BECK: Tell me the story.

SAAGER: I was working in Dallas about an hour and a half away from my home, and my wife had dropped my daughter off at the baby sitter`s that morning so she could go to work.

And I would say probably about 1 p.m. I was called by the family practitioner`s nurse, to say that she had fallen of the bars at Burger King and that she was hurt.

And immediately, I asked how bad was she hurt, and she said, "Well, we wouldn`t have been calling you if it wasn`t serious." So I got in my truck and I started heading for home. And halfway home I called the emergency room in Gainesville where we were currently living, and her family doctor got on the phone and said she had passed away 20 minutes prior.

BECK: Holy cow. So now that night they pull you into an interrogation room and you all of a sudden realize whoa, whoa, whoa, I think I need an attorney here. How -- what was it like when your -- I mean that day you find out your daughter is dead, and then all of the sudden they turn to you and say looks like you. What does that feel like?

SAAGER: It`s horrible. It`s -- it`s -- you want to feel hurt and pain, the pain that you should be feeling, and you can`t. It`s just terror.

BECK: Wait, wait. How do you mean. You mean -- at that moment the pain of your daughter`s death kind of goes away?

SAAGER: Exactly. Exactly. I couldn`t -- I couldn`t hardly even focus on it. I was more focused on defending myself.

BECK: So maybe -- so when we saw Patsy Ramsey -- you know, I`m fuzzy on this. I have to go back and look at the tape. But I remember feeling that maybe that was part of it, is it didn`t seem real. It didn`t seem genuine. It didn`t seem like she was mourning enough or whatever. You`re saying that that goes away automatically, because you`re in full fledged save your life mode.

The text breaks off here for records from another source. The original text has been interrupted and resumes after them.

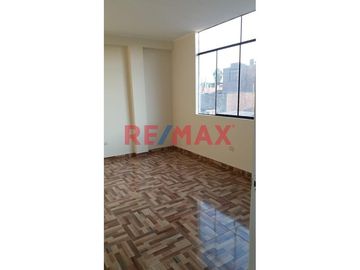 Venta De Moderna Casa De 4 Pisos - El Agustino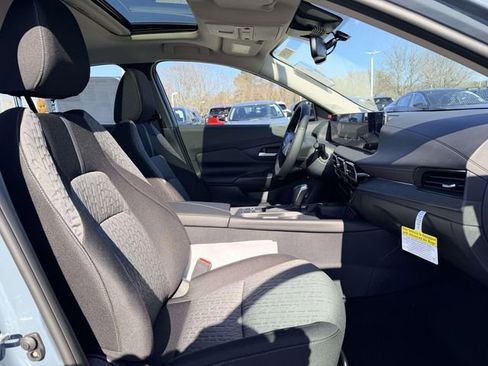 New 2026 Nissan Sentra SV w/ SV Convenience Package FWD image 10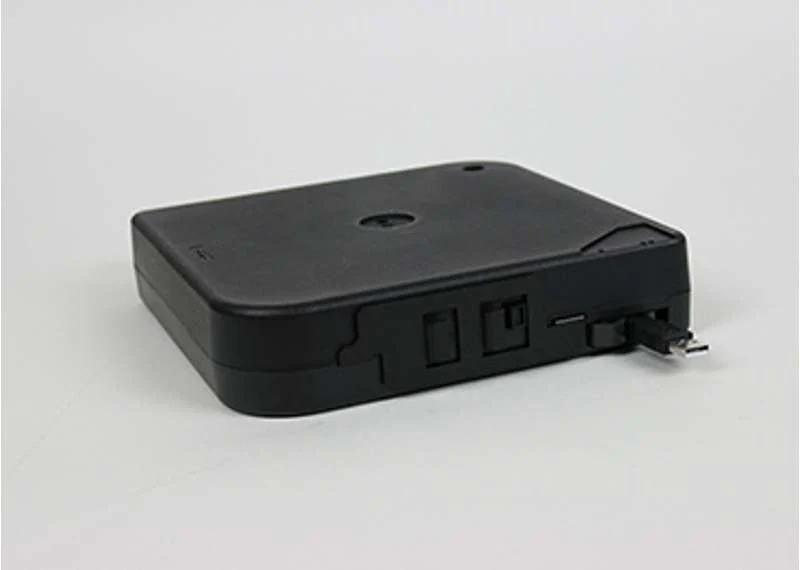 Wiremold Cable Retractor with USB 2.0 Cable - Image 3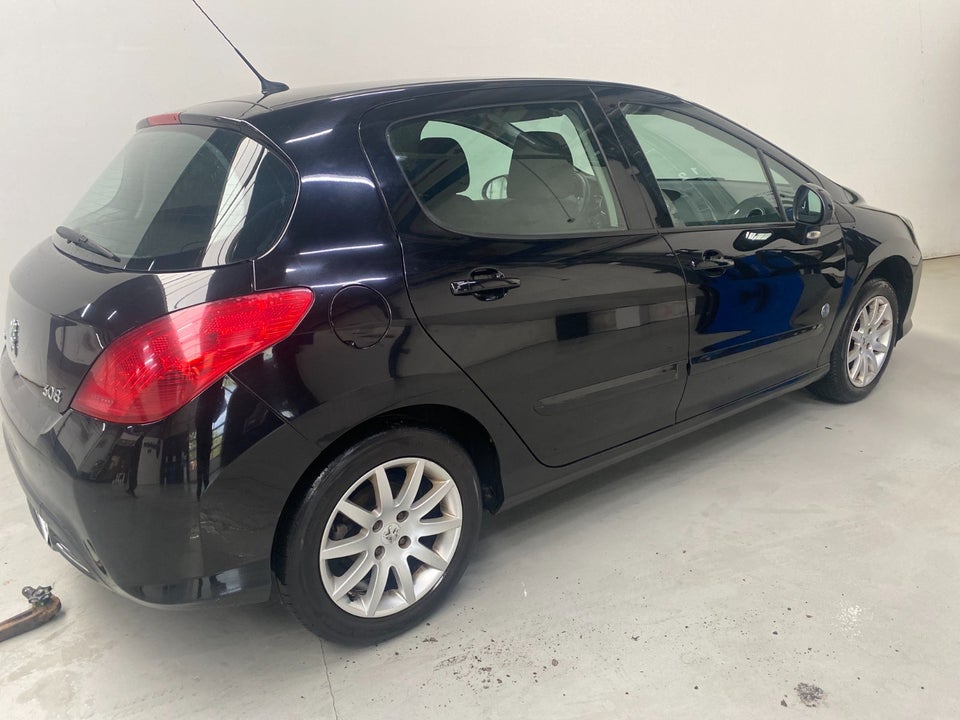 Peugeot 308 1,6 HDi 92 Comfort+ 5d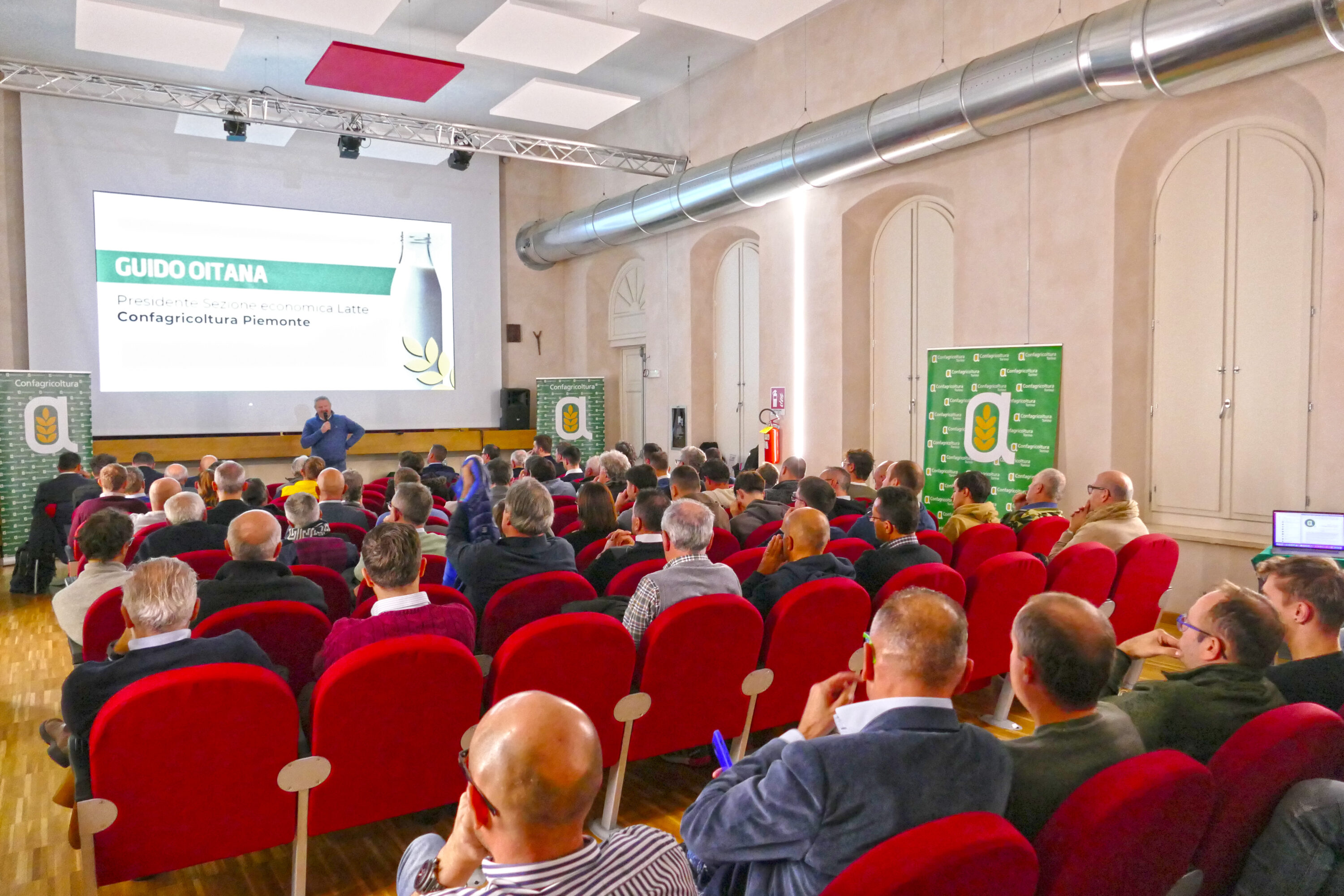 L'intervento di apertura di Guido Oitana, presidente della sezione economica Latte di Confagricoltura Piemonte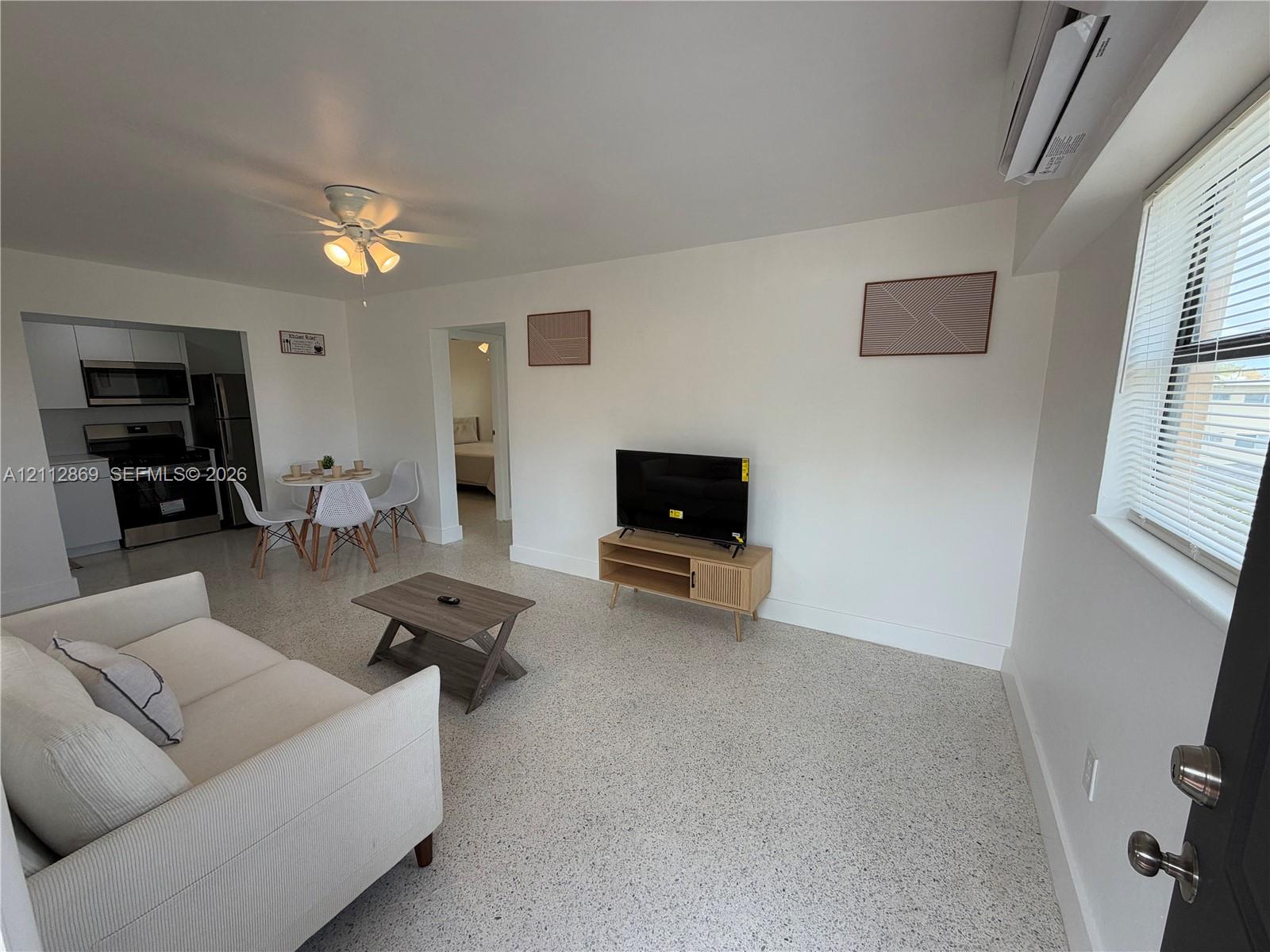 649 Sw 7th Street 16 Property Photo 3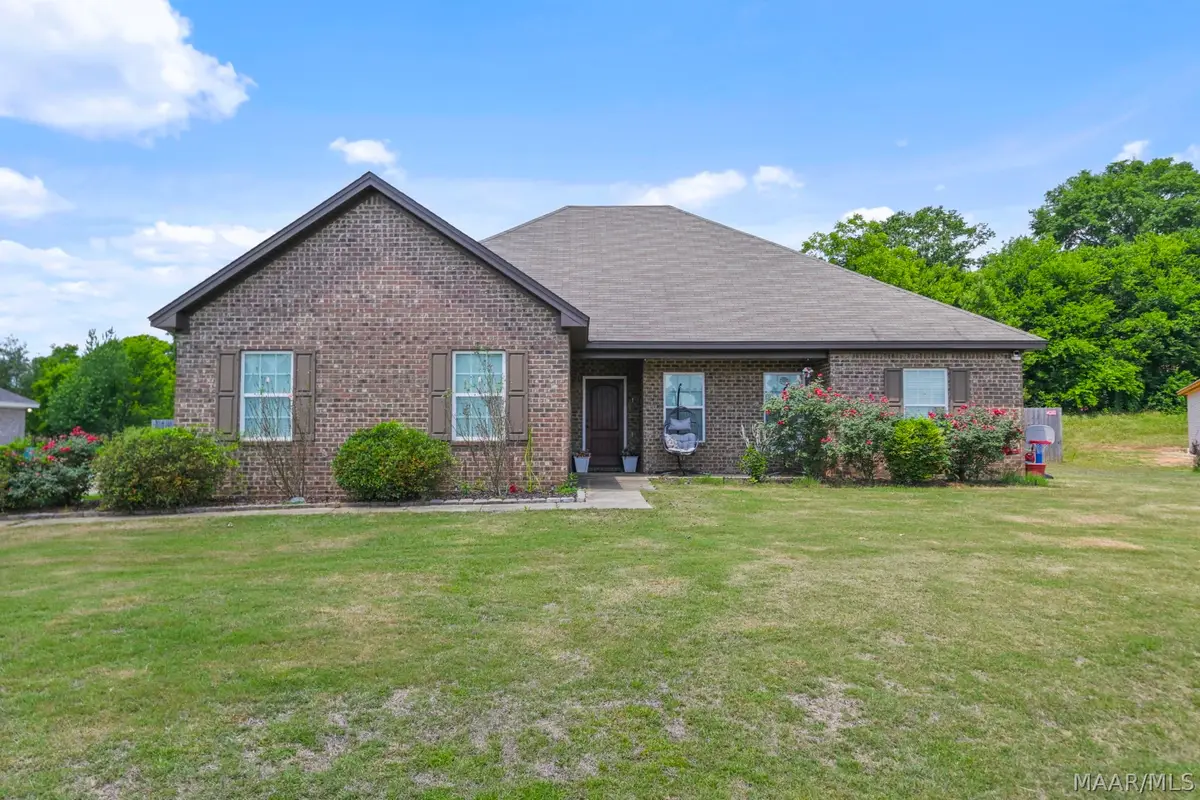 167 Stoneridge Drive, Tallassee, AL 36078 - #1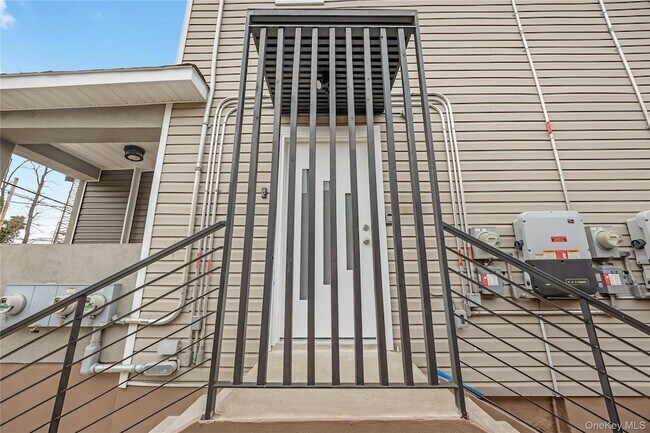 Foto del edificio - 22011 139th Ave Unit 2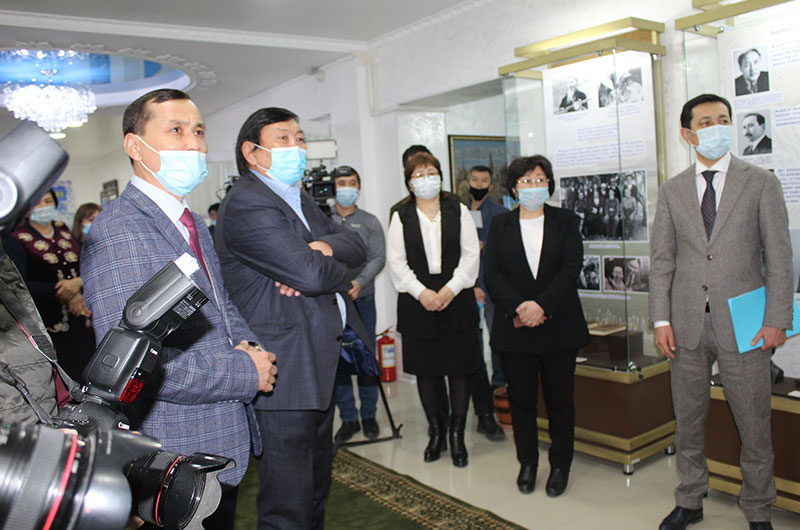 «Айтыстың ақтаңгері, өлең жырдың дүлдүлі»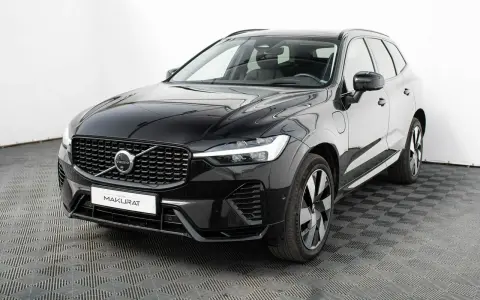Czarny Volvo XC60 na sprzedaż. Sprawdź atrakcyjną volvo xc60 cena i ofertę.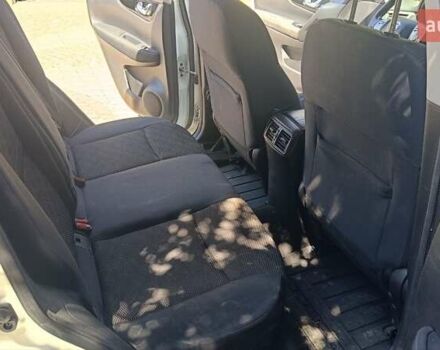 Белый Ниссан Кашкай, объемом двигателя 1.2 л и пробегом 128 тыс. км за 13800 $, фото 12 на Automoto.ua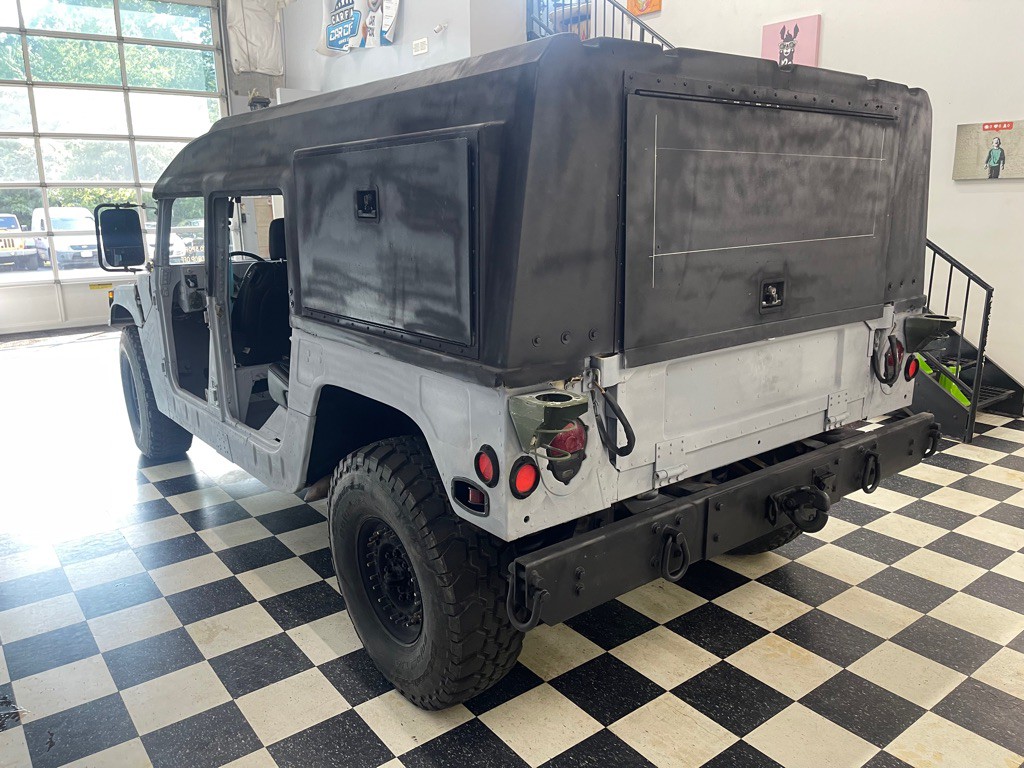 2006 AM General Humvee Image 7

SAAGER: Exactly. And you`re also in shock. I mean, there`s a lot of shock involved with what goes on when you lose a child. But yes, I mean we weren`t -- it`s -- in a lot of people`s words we were never given the right to grieve as parents, as we should have.

BECK: Right. Did you -- how much did the frustration -- I would think that I would be so angry that I would be in a room and they would say that to me, my head would explode. I`d need the duct tape to wrap my head so I could stay to them, "Stop wasting time. I didn`t do it. Go catch the killer." Did you have that frustration?

SAAGER: Exactly. And honest -- to be honest with you, I was not interrogated very long at all. Actually I was asked a few preliminary questions. What they did was focused on questioning my wife, who was questioned for about nine hours that night, the night that her death was ruled a homicide. And so it was my wife that went through you that hell.

BECK: But you lost your two kids for a whole year.

SAAGER: Right. Exactly.

BECK: I can`t imagine what that is. Just destroyed your family from six ways to Sunday on this horrible, horrible tragedy.

So let me ask you. Because you`ve got to be a better person than I am. O.J. Simpson, do you think he did it?

SAAGER: I don`t know. I mean...

BECK: Do you really -- do you really feel that way? When you see things on TV, can you really get to a point where you`re like, "You know what, I`m not going to judge the guy"?

SAAGER: It`s the media is the reason that I -- I will not rush to judgment.

BECK: Good for you. Good for you.

SAAGER: Because you never can tell. What you only see in the media - - I mean, look at the O.J. Simpson case. What`s more compelling in media than to blame the ex-NFL football star, the Heisman Trophy winner, as opposed to a common thief who may have just wandered in her house and killed her?

BECK: Lloyd, best of luck for you and your family. Sorry for your loss all the way around. Thanks a lot.